According to the correlation coefficients between the BSISO and WSPD, a highly correlated area was located near the southern part of the Bering Sea (RS1; 44°–54°N, 152°–180°W) and west of Canada (RS2; 44°–56°N, 130°–145°W) during P1 (Fig. 7a) but was distributed near the southern part of the Gulf of Alaska (RS3; 41°–54°N, 130°–165°W) during P2 (Fig. 7b). These November WSPD anomalies were connected with the airflow over the southern part of the cyclonic and anticyclonic anomaly regions.

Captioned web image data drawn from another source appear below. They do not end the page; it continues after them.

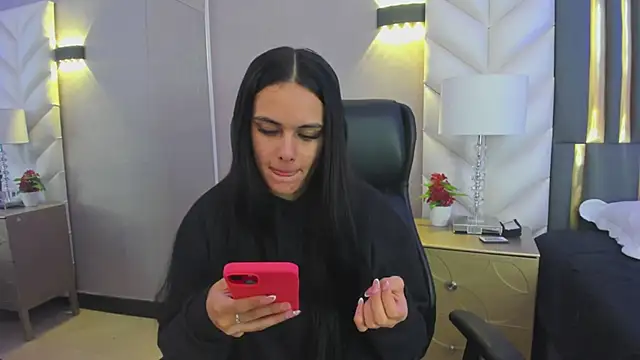 ChloeHarper  online show from 03/28/26, 11:55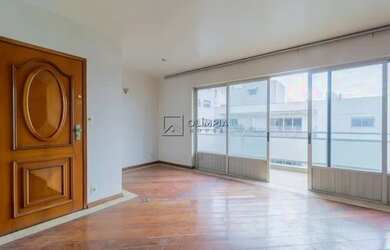 Imagem: O apartamento possui 2 Dormitórios, 2 Banheiros, 2 Vagas na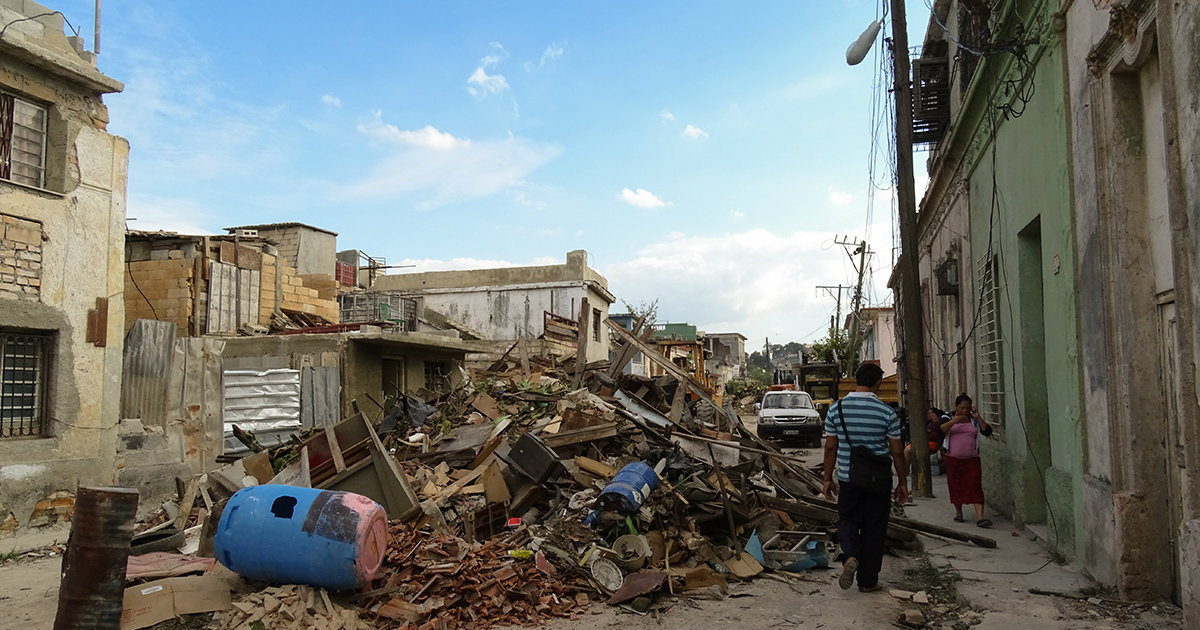 Efectos del tornado en Luyanó. © CiberCuba.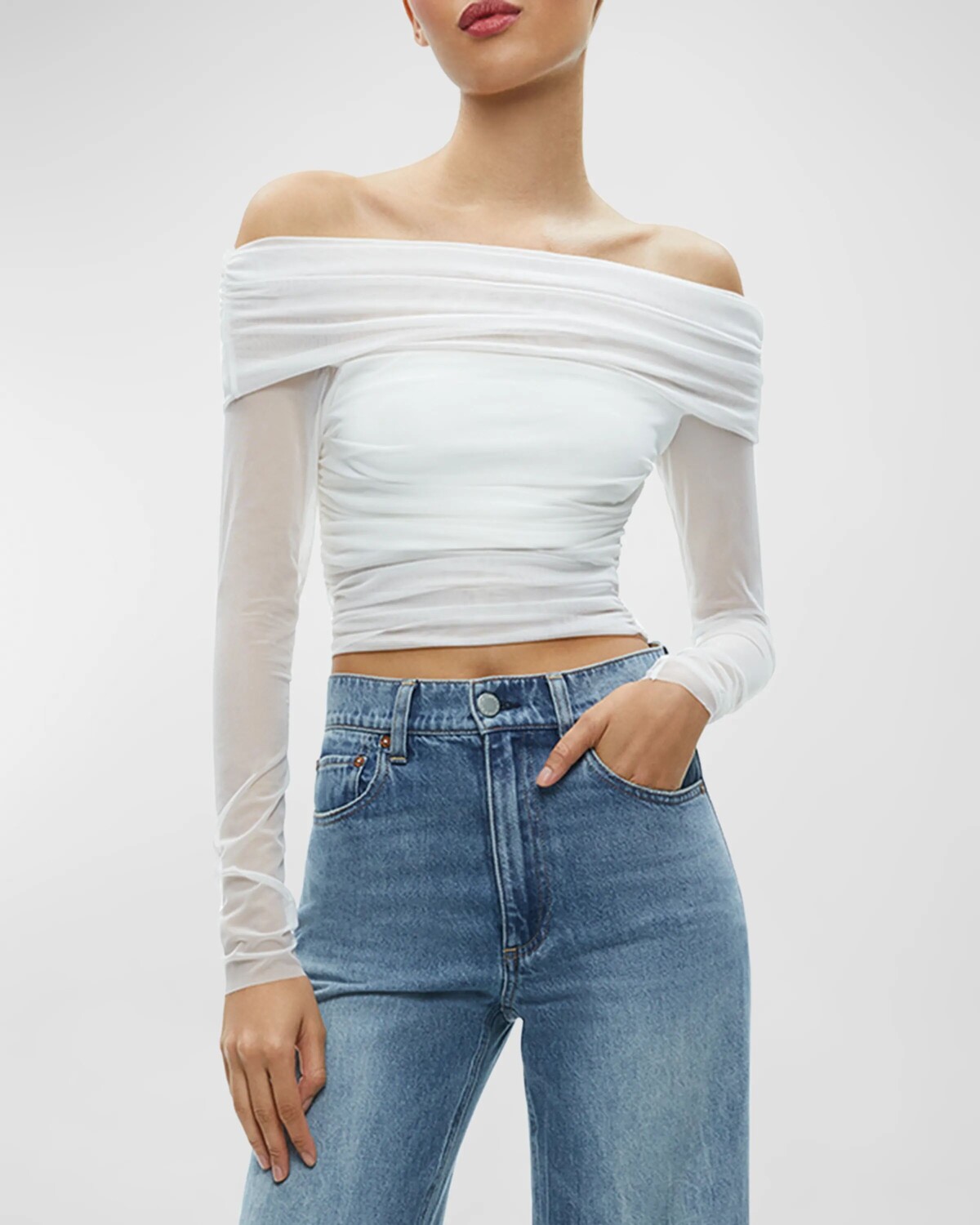 

Топ Isadola с открытыми плечами и сборками Alice + Olivia, цвет Off White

During P2, the anomalous eastward flow, which was located over the southern part of the anomalous anticyclonic circulation region (Fig. 4d), overlaid the climatic westerlies and decelerated the WSPD in RS3. The area-averaged surface wind speed was computed as the WSPD index to explore the impacts on simultaneous latent heat and sensible heat fluxes, which were closely bound with the SST. The low WSPDRS3 (i.e., the reduction of wind speed in RS3) weakened the local exchange of energy and water evaporation and decreased the release of latent heat and sensible heat (Fig. 8b). The pivotal areas of anomalous latent heat and sensible heat responses were located in the Gulf of Alaska and Bering Sea. Thus, the thermal energy was stored over BA, causing abnormally positive SSTs in November. Moreover, the anticyclonic anomalies, under clear-sky conditions, caused the attenuation of solar radiation to weaken. Thus, more shortwave radiation was absorbed and stored in seawater, and positive SST anomalies appeared (Wu and Kinter 2011). Analogously, during P1, the anomalous eastward flow over the southern part of the anticyclonic anomaly region (Fig. 6d) decelerated the WSPD (RS1). Instead, the anomalous westward wind over the southern part of the cyclonic anomaly region could accelerate the WSPD (RS2). Thus, the WSPD index during P1 was constructed as the area-average WSPD in RS2 minus that in RS1 and is presented as WSPDRS2−RS1. The combined effect of the WSPD in RS1 and RS2 enhanced the release of latent and sensible heat (Fig. 8a) in GA, causing abnormally negative SSTs.

Fig. 7.

The CCs between the BSISO and surface wind speed in November during (a) 1980–97 and (b) 1998–2015 after detrending. The white dots indicate CCs exceeding the 90% confidence level (t test). The black boxes (RS1, RS2, and RS3) represent the significantly correlated areas, which were used to calculate the WSPDRS2−RS1 and WSPDRS3 indexes. The linear trend was removed.

Fig. 7.

The CCs between the BSISO and surface wind speed in November during (a) 1980–97 and (b) 1998–2015 after detrending. The white dots indicate CCs exceeding the 90% confidence level (t test). The black boxes (RS1, RS2, and RS3) represent the significantly correlated areas, which were used to calculate the WSPDRS2−RS1 and WSPDRS3 indexes. The linear trend was removed.

Fig. 8.

The CCs between the November heat flux (latent + sensible heat flux) and (a) WSPDRS2−RS1 from 1980–97 and (b) WSPDRS3 × −1 from 1998–2015. The black dots indicate that the CCs exceeded the 95% confidence level (t test). The black box in (a) represents the GA area and in (b) represents the BA area. The linear trend was removed.

Fig. 8.

The CCs between the November heat flux (latent + sensible heat flux) and (a) WSPDRS2−RS1 from 1980–97 and (b) WSPDRS3 × −1 from 1998–2015. The black dots indicate that the CCs exceeded the 95% confidence level (t test). The black box in (a) represents the GA area and in (b) represents the BA area. The linear trend was removed.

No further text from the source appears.